ASM extends observability for LLM inference traffic:

  • Access logs include the model name and input/output token counts per request.

  • Monitoring metrics add a model dimension for per-model analysis.

  • Token metrics (asm_llm_proxy_prompt_tokens, asm_llm_proxy_completion_tokens) track token consumption across workloads.

Prerequisites

Before you begin, make sure that you have:

Step 1: Deploy a sample vLLM inference service

Deploy a Llama 2 model served by vLLM with multiple LoRA adapters.
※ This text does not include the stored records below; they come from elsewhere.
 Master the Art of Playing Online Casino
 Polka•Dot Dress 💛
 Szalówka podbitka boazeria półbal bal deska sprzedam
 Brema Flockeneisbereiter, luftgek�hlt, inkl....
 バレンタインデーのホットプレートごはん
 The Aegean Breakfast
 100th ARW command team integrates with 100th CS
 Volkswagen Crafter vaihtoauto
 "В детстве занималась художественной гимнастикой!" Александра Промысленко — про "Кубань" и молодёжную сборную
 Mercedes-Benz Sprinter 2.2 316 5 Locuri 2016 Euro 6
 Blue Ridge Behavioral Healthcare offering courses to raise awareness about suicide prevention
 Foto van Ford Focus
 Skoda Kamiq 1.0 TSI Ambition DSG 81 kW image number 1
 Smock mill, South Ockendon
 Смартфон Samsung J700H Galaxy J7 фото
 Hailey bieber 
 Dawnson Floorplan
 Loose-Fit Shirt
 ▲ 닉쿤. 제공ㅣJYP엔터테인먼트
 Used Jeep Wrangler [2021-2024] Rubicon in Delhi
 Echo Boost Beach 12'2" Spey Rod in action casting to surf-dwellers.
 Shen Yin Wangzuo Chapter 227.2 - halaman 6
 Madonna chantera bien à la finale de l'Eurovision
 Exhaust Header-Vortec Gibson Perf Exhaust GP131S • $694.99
The deployment includes a Kubernetes Service, a ConfigMap for the chat template, and a Deployment with 3 GPU-backed replicas.

Note

The container image requires a GPU with more than 16 GiB of video memory. Use the A10 GPU type for ACK clusters or the 8th-generation GPU B for ACS clusters. The T4 (16 GiB) does not provide sufficient memory. For model details, submit a ticket.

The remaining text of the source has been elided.